#### Stored data ####
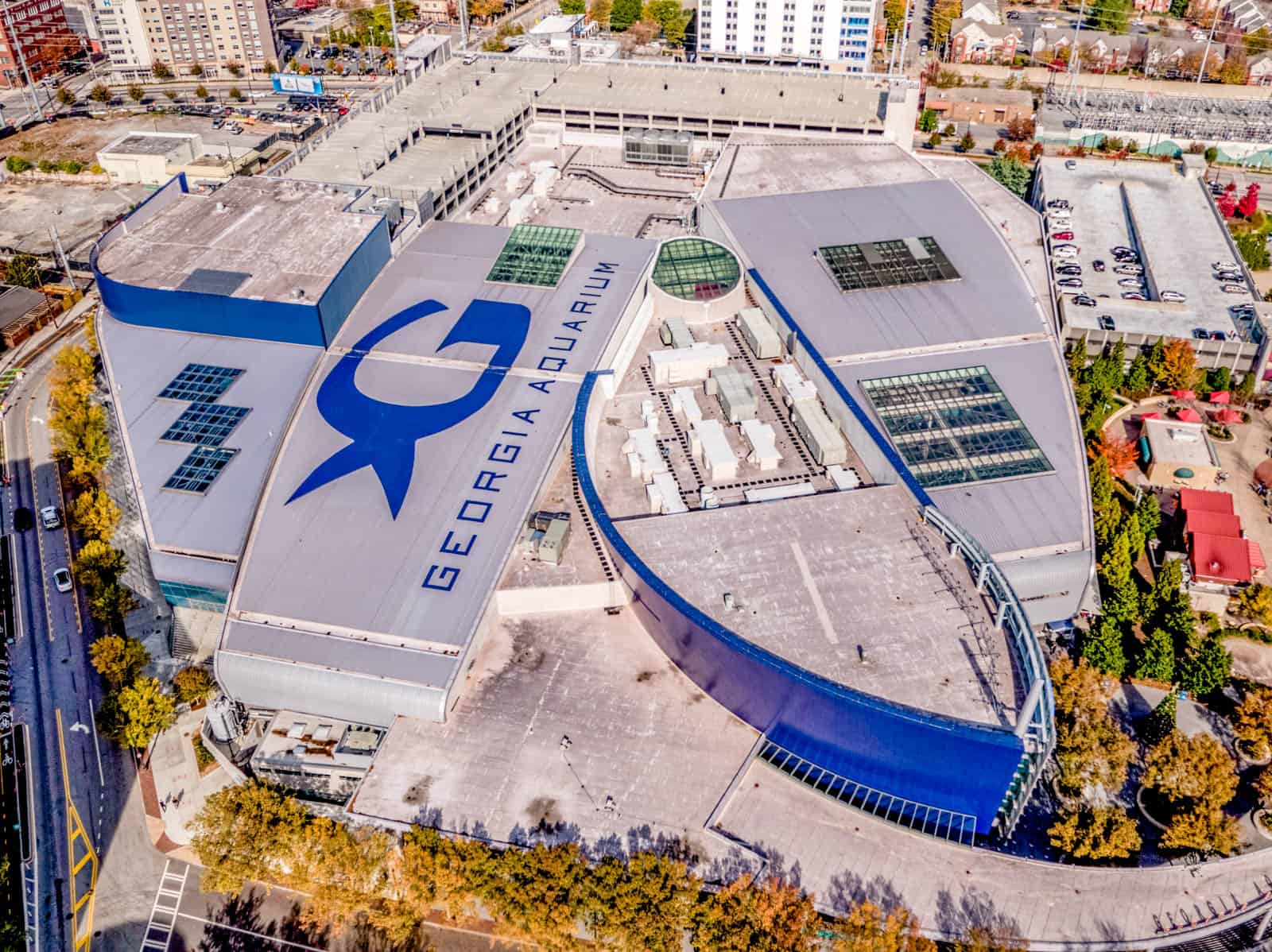 aerial drone photo looking down at Georgia Aquarium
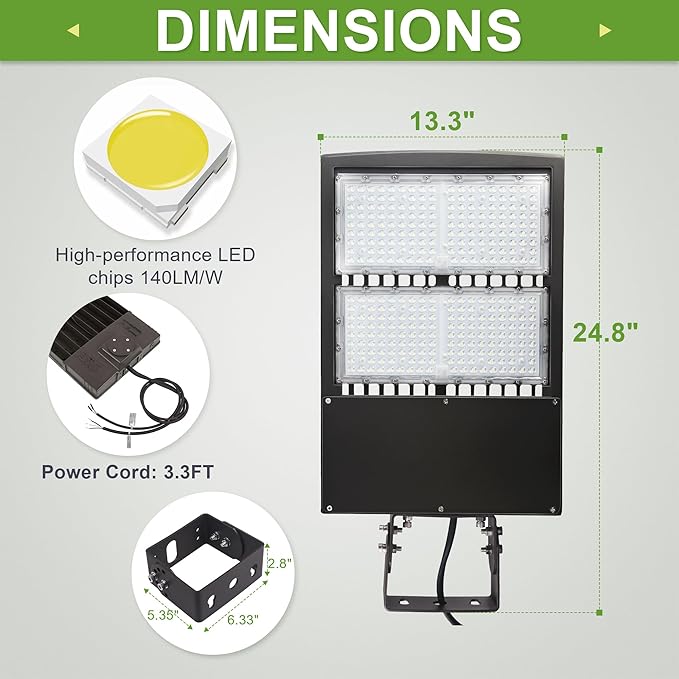 480V 300W LED Parking Lot Lights, 42000LM 1000W MH/HPS Equiv. Surge Protection 5000K DLC UL LED Shoebox Lights for Sports Court Parking Lot, Trunnion Mount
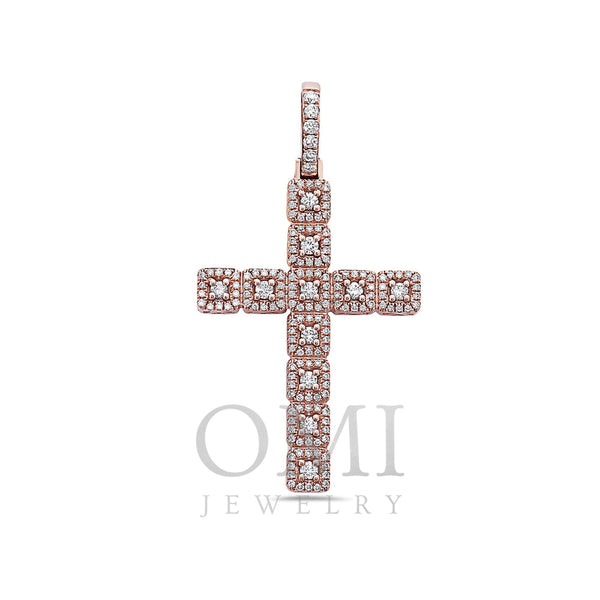 Unisex 14K Rose Gold Cross Pendant with 0.62 CT Diamonds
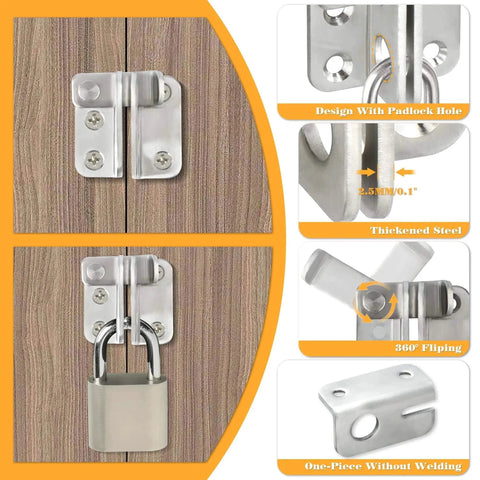 Heavy Duty Stainless Steel Flip Gate Latch For Shed Doors And Barn Fence Locks With Brushed Finish Size S shown on wooden door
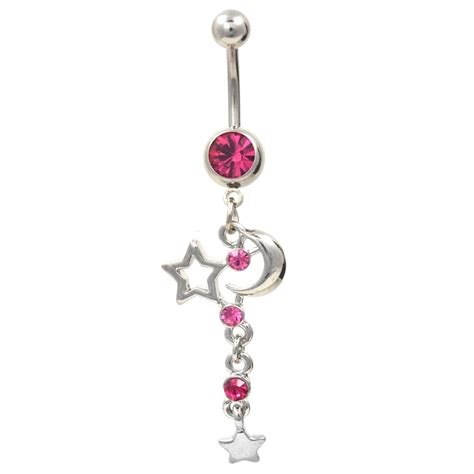 pink starry night moon and stars belly navel ring available in pink or clear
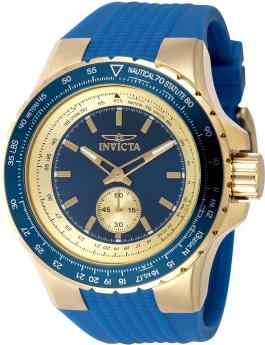 Invicta Aviator 49307 Herren Uhr - Quartz Bewegung - Edelstahl mit Blauem Zifferblatt - 50 mm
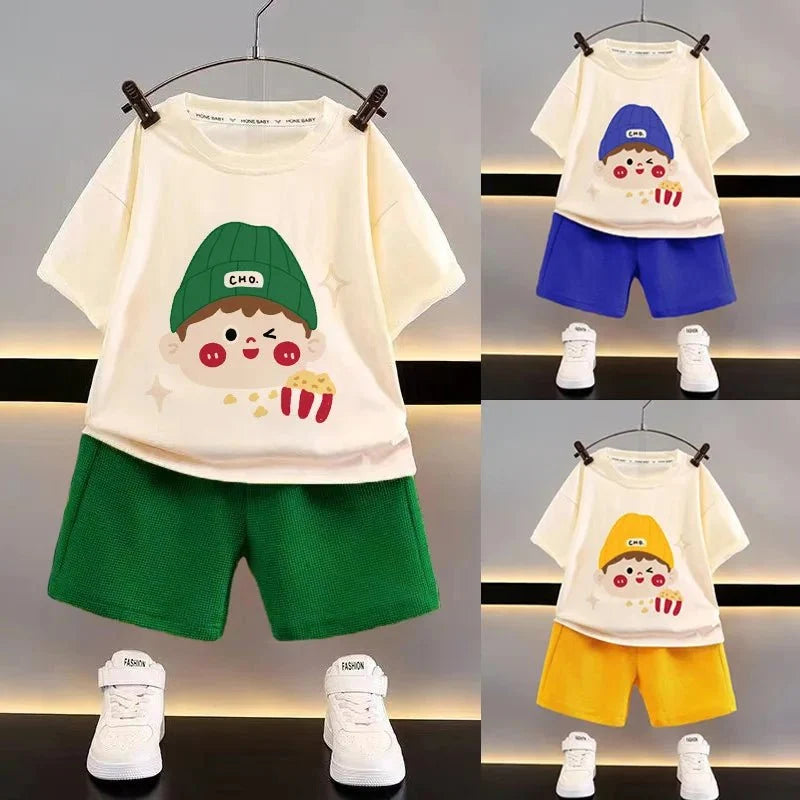 Fashion Spotrs Clothing Sets For Children Tracksuit Short Sleeve T-shirts + Shorts 2pcs Suit Kids Baby Clothes Toddler
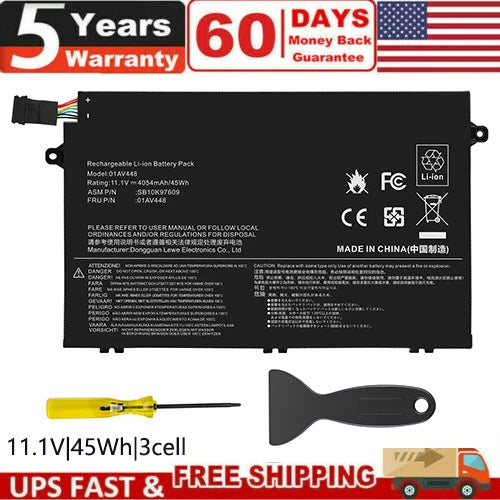 For Lenovo ThinkPad E480 E490 E590 Battery E585 E595 E14 E15 Series L17M3P52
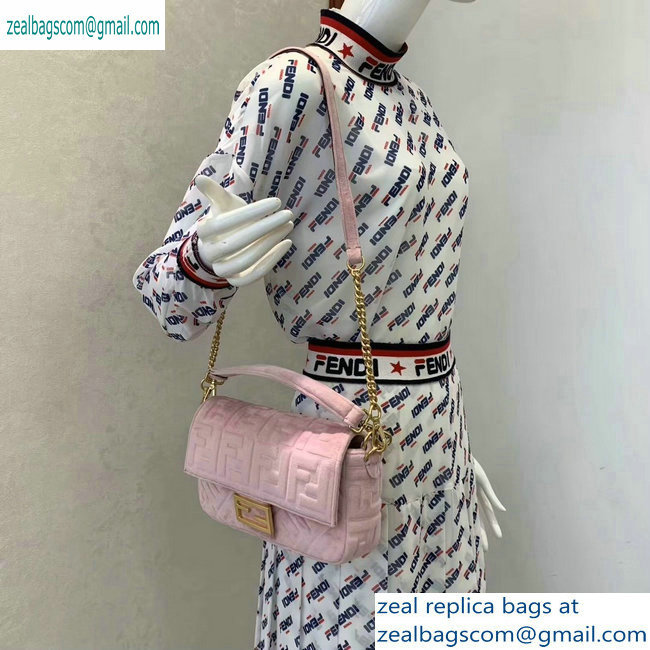 Fendi Velvet Embossed FF Motif Baguette Medium Bag Pink 2019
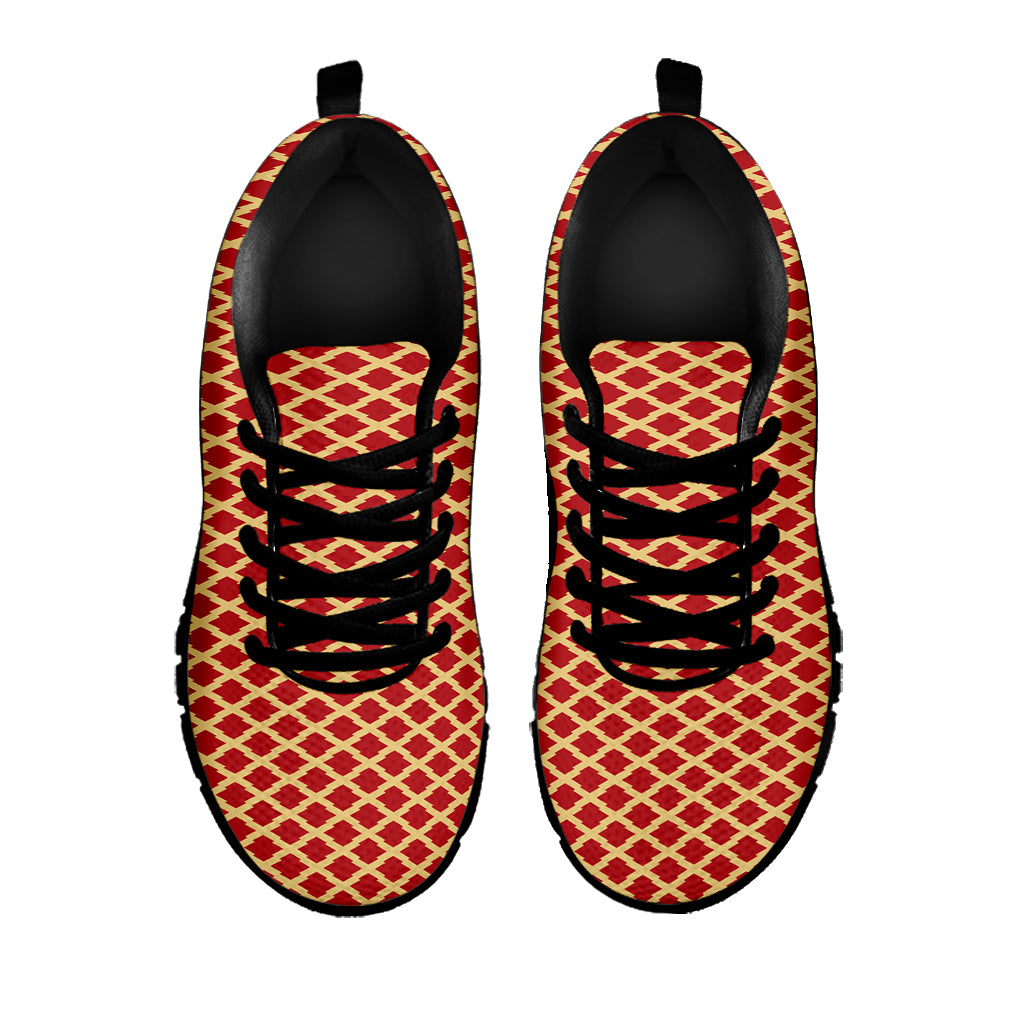 Red And Beige Japanese Pattern Print Black Sneakers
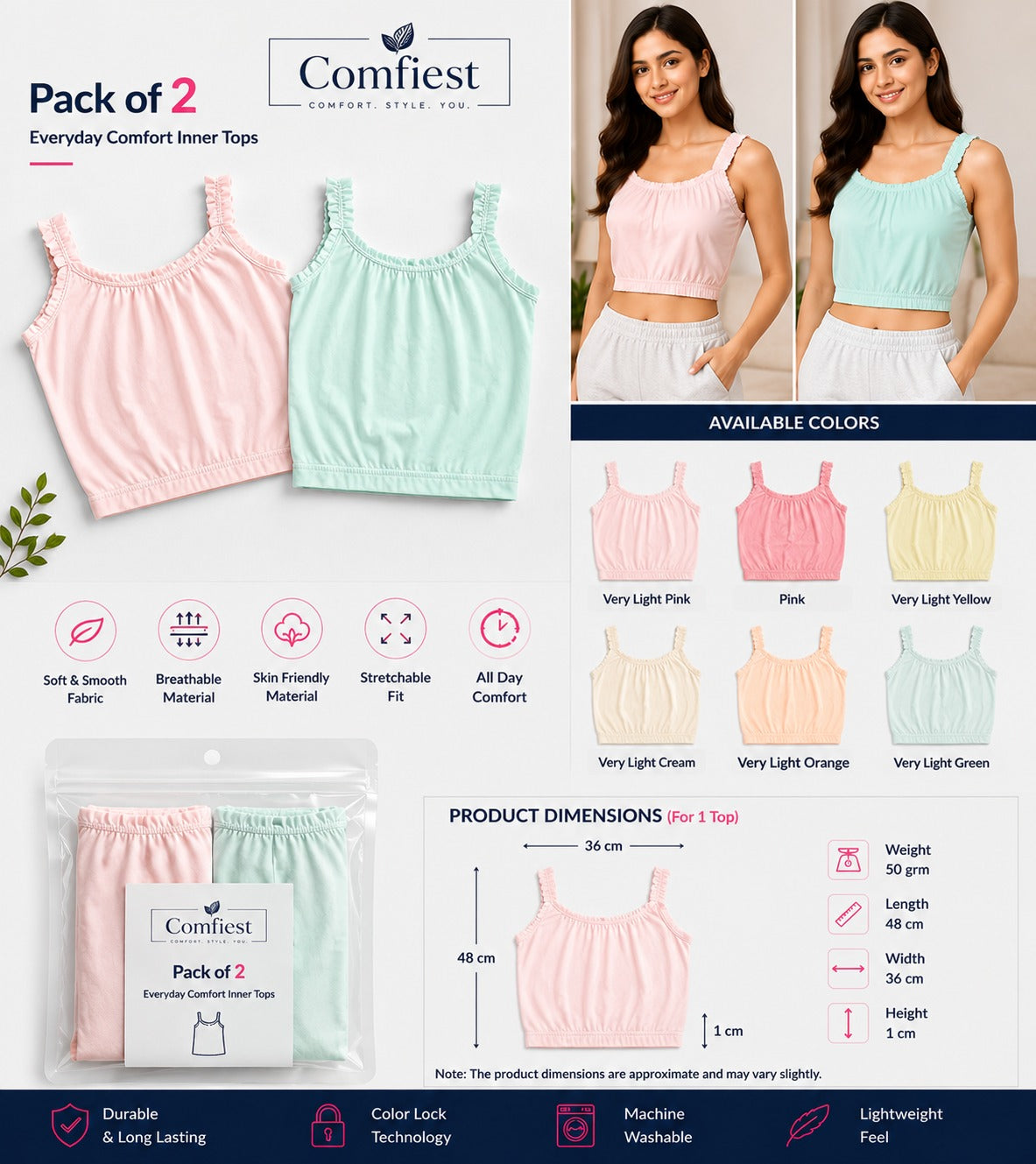 Comfiest Women's Cotton Camisole (Pack of 2) – Soft & Comfortable Inner Slip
####
■ **Assignment**:
Above are the records; return the lines in them from the one with "Fashion Spotrs Clothing" to the one with "Red And Beige", inclusive, exactly and without images.

■ **Finished exercise**:
 Fashion Spotrs Clothing Sets For Children Tracksuit Short Sleeve T-shirts + Shorts 2pcs Suit Kids Baby Clothes Toddler
 For Lenovo ThinkPad E480 E490 E590 Battery E585 E595 E14 E15 Series L17M3P52
 Fendi Velvet Embossed FF Motif Baguette Medium Bag Pink 2019
 Red And Beige Japanese Pattern Print Black Sneakers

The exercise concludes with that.